The Shammar, The Tribe Fighting ISIS On The Front Lines
Spread between Syria and Iraq, the Saudi-financed tribal army engages the Islamic State head-on.
RABIA — In late September 2014, as the international coalition began to engage the Islamic State (ISIS) in earnest, Iraqi Kurdish fighters and Syrian forces seized Rabia, a city near the Iraqi-Turkish border.
It was a huge victory — one of the first in the long war against ISIS. And it may not have been possible without the assistance of another key group: the Shammar, a powerful tribe from the border regions of northern Syria and Iraq.
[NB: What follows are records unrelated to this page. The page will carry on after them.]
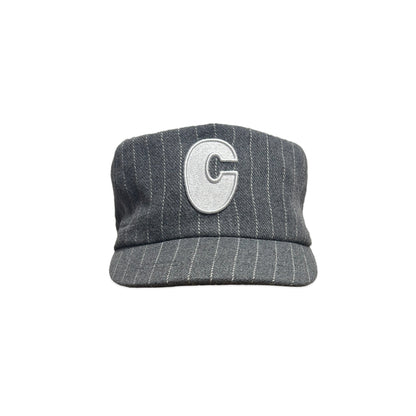 (Pre-Order) Pinstripe Wool 6 Panel Short Brim Initial Adjustable Cap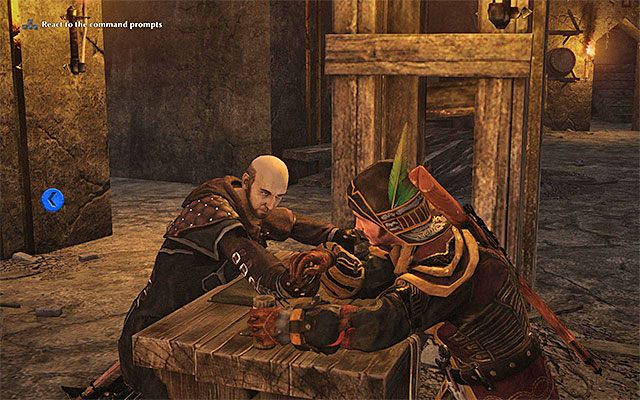 Wciskaj klawisze zgodnie z wyświetlanymi ikonami - The Muscle Man (Muskularny mężczyzna) | Poboczne zadania - Calador | Risen 3 - Risen 3: Władcy Tytanów - poradnik do gry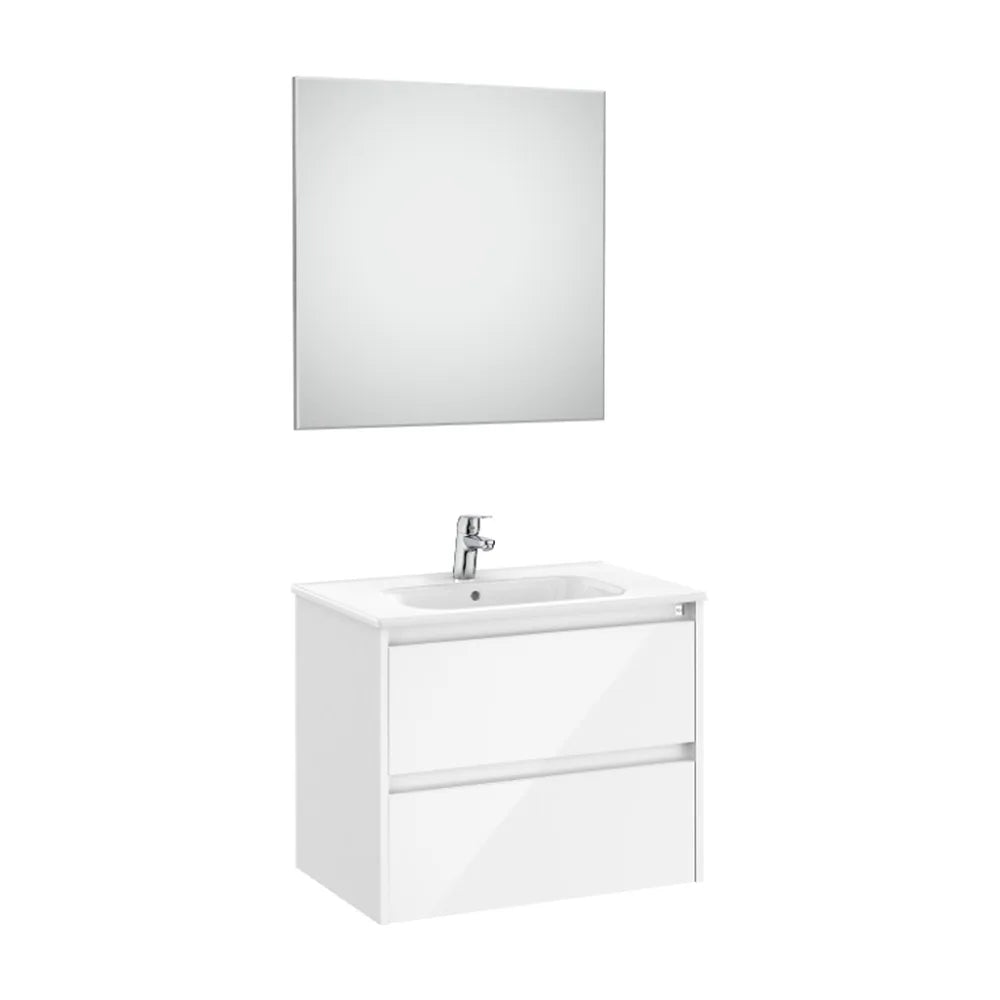 Conjunto de lavabo de dos cajones de 70 cm con un acabado en color blanco brillante Tenet Roca - Vista 1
"Rabia has been liberated, and the Shammar closely cooperate with the Kurdish Peshmerga," said Abdullah Yawar, a Shammar tribal leader, after the successful battle.
That battlefield cooperation was the beginning of a closer alliance, sealed in October 2015 with the formation of the Syrian Democratic Forces (SDF). The SDF is made up of Syrian Kurds from the People's Protection Units (YPG), Syriac Christian militias, and Sunni tribal fighters like the Shammar.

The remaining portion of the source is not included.